Dynamic corrections for Sea-Bird Surface Temperature Salinity Sensors (STS) on ARGO profiling floats
Field Validation of ISFET based Ocean pH Sensors
Determination of Conductivity Cell Compressibility for Argo Program CTDs and MicroCATs
Measuring Calibration and Field Variance Scales in Oceanographic Optical Instrumentation Data for Quality Assurance
Nutrient and Estuarine Processes Driven by Hurricane Irma Recorded by the Indian River Lagoon Observatory Network of Environmental Sensors
Tech Tip: Online RMA Status Lookup
Meet Our People
Facebook Spotlight
Upcoming Events

For this month’s newsletter, we thought we would take a little different approach and provide a preview of the science program we have put together for the upcoming Ocean Sciences Meeting to be held in Portland, Oregon from Feb 12-16. The Ocean Sciences Meeting has always been a very important event for the greater oceanographic community, as it provides a valuable opportunity for us to meet, hear about your latest scientific research, and discuss current oceanographic trends and implications for future exploration. In an effort to communicate what we have been working on ourselves, we have provided brief previews of the posters and talks our science team will be presenting at the meeting. We hope to see you in Portland, but if not, please feel free to reach out to us anytime at seabird@seabird.com.

 

Dynamic corrections for Sea-Bird Surface Temperature Salinity Sensors (STS) on ARGO profiling floats

Kim Martini, Ph.D., Senior Oceanographer, David J. Murphy, MS, Director of Research and Development, Raymond W. Schmitt, and Nordeen G. Larson
Monday, February 12, 2018; 4:00-6:00 PM, Oregon Convention Center, Poster Hall

The Surface Temperature Salinity Sensor (STS) is a CTD that extends temperature and salinity measurements through the sea surface on ARGO profiling floats, providing ground truth for satellites and determining meteorological heat and water fluxes. Unlike the primary conductivity sensor on the profiling float, the STS conductivity cell is freely-flushed, which presents additional challenges in data processing to achieve accurate salinities.
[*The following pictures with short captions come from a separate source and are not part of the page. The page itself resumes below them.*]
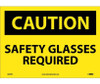 Caution: Safety Glasses Required - 10X14 - PS Vinyl - C600PB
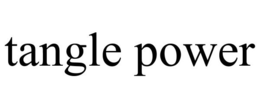 TANGLE POWER trademark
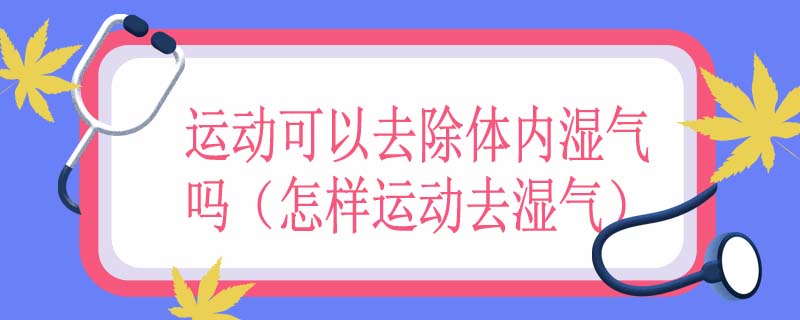 运动可以去除体内湿气吗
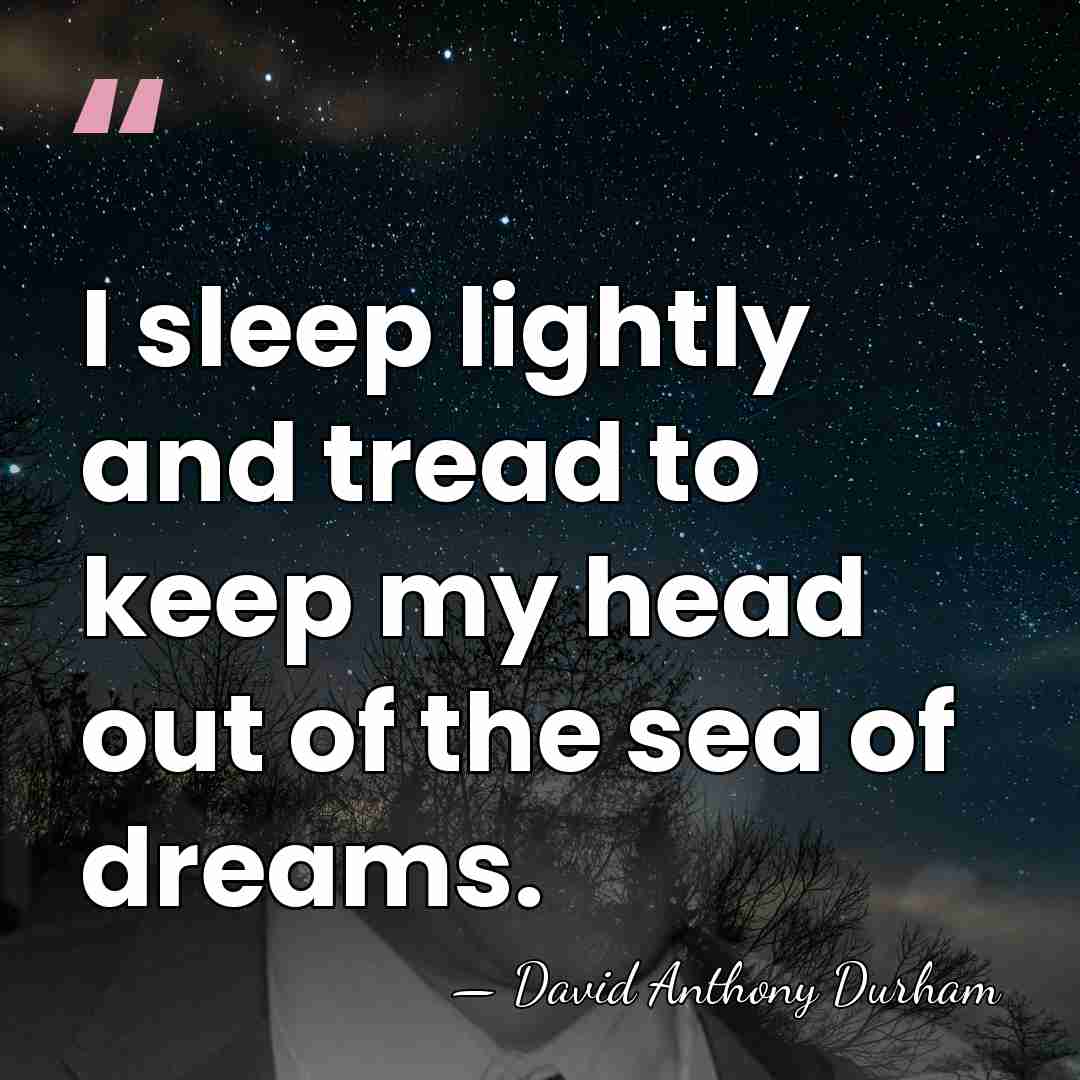 I sleep lightly and tread to keep my head out of the&hellip; - David Anthony Durham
We have determined performance characteristics and dynamic corrections for the STS sensor from experiments performed in a stratified tank. We will discuss the functional characteristics of the STS sensor, guiding the analysis and the best practices for applying these corrections in situ.

 

Field Validation of ISFET based Ocean pH Sensors

Charles W. Branham, Ph.D., Senior Chemist and David J. Murphy, MS, Director of Research and Development
Wednesday February 14, 2018; 4:00-6:00 PM, Oregon Convention Center, Poster Hall

Continuous and reliable pH measurements in the ocean remain one of the key challenges facing researchers studying ocean acidification. Commonly used glass bulb pH sensing technology is subject to rapid calibration drift, making it unfit for long-term autonomous deployments. Thus, the need for a robust pH sensor is crucial to understanding our changing seas.
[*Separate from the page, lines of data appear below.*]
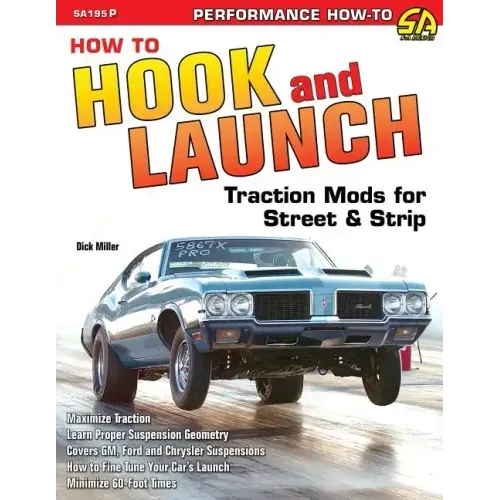 How to Hook & Launch: Traction Mods for Street & Strip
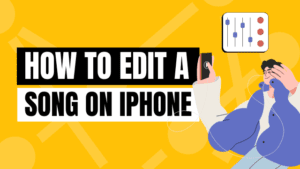 how to edit a song on iPhone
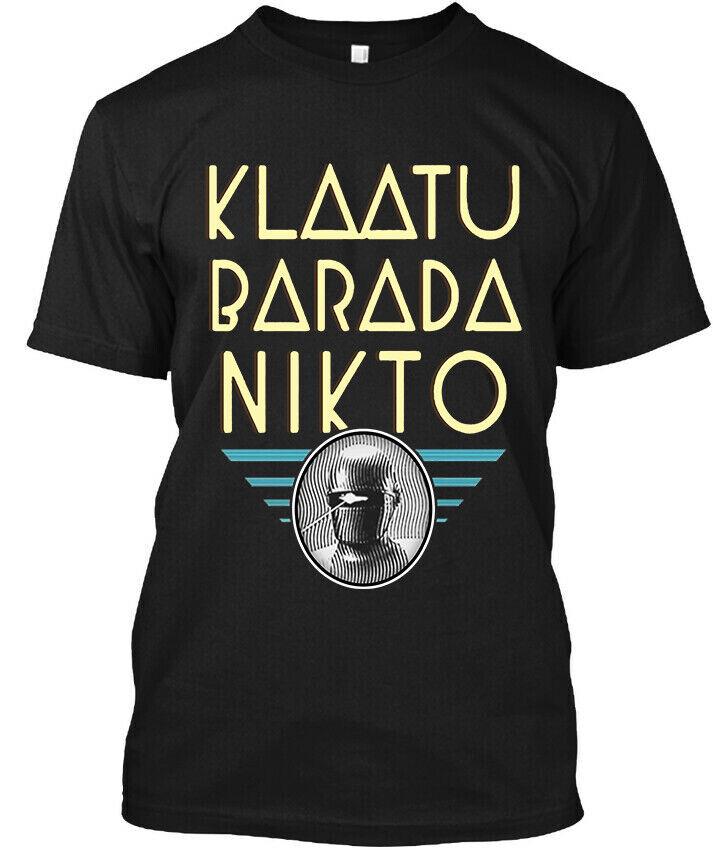 

NWT Klaatu Barada Nikto The Day the Earth Stood Still Movie Size S-3XL Unisex T-Shirt XXXXL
Sea-Bird Scientific pH sensors were developed to meet this need. Based on Honeywell's industrial Durafet pH sensor technology and packaged in a depth tolerant housing, our sensors have demonstrated that they can maintain accuracy for long-term deployments while withstanding harsh conditions. This presentation will focus on calibration of the ISFET pH sensor, evaluate its analytical performance, and validate performance of new pH sensor models using recent field data.

 

Determination of Conductivity Cell Compressibility for Argo Program CTDs and MicroCATs

David J. Murphy, MS, Director of Research and Development and Kim Martini, Ph.D., Senior Oceanographer
Tuesday, February 13, 2018; 4:00-6:00 PM, Oregon Convention Center, Poster Hall

Measuring conductivity in the deep ocean (below 1000 meters) requires a correction for the compressibility of the conductivity cell, which depends on the material that encapsulates the conductivity cell.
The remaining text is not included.